» **Required action**:
From the records below, copy every line that contains the word "truck".

» **Given data**:
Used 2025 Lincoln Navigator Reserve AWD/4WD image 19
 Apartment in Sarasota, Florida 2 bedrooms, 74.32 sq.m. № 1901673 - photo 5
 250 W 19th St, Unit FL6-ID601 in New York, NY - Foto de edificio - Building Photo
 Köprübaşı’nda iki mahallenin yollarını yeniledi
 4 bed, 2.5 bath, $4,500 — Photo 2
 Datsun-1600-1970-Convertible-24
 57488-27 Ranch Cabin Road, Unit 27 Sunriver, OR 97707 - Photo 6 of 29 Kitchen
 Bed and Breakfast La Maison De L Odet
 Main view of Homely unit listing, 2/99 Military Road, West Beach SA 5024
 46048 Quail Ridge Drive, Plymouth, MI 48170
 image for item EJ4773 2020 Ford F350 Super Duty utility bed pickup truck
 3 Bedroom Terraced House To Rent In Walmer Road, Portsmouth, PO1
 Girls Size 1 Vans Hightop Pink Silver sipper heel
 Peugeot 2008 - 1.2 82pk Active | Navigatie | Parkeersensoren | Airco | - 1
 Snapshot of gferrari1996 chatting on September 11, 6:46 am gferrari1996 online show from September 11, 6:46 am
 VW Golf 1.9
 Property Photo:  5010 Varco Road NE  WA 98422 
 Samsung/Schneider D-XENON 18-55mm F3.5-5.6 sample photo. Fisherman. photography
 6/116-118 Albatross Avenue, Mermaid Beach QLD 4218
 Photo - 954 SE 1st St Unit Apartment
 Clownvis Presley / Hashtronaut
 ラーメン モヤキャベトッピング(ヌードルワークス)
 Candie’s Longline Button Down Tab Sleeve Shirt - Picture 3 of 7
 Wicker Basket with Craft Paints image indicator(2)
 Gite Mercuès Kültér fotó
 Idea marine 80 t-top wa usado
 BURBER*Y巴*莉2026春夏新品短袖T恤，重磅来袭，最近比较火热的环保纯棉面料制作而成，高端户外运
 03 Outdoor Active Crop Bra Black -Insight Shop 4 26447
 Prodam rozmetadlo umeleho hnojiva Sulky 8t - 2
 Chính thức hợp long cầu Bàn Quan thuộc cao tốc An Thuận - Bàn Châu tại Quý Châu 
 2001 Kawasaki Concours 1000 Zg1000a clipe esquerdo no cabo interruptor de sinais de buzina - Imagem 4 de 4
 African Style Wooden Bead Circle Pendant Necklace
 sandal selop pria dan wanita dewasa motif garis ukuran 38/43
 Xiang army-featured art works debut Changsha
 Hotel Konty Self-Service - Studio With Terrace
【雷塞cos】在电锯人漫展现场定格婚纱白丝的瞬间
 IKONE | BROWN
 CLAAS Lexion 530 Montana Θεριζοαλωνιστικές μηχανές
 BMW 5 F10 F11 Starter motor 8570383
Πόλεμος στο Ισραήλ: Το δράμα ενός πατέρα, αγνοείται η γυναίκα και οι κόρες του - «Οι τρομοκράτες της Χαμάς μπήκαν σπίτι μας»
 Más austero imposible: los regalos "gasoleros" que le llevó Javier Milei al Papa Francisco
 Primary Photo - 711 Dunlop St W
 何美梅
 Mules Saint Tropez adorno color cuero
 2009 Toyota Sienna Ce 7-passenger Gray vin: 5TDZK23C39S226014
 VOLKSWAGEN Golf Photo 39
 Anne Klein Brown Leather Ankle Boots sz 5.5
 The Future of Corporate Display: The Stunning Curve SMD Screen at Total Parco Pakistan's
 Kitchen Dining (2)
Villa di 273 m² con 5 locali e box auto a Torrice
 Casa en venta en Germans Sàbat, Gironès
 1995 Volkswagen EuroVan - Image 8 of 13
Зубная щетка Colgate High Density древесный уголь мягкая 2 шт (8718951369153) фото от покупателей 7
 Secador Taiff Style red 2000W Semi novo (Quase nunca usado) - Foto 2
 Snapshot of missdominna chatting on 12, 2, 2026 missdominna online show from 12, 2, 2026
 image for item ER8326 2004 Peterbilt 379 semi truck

» **Solution to this problem**:
 image for item EJ4773 2020 Ford F350 Super Duty utility bed pickup truck
 image for item ER8326 2004 Peterbilt 379 semi truck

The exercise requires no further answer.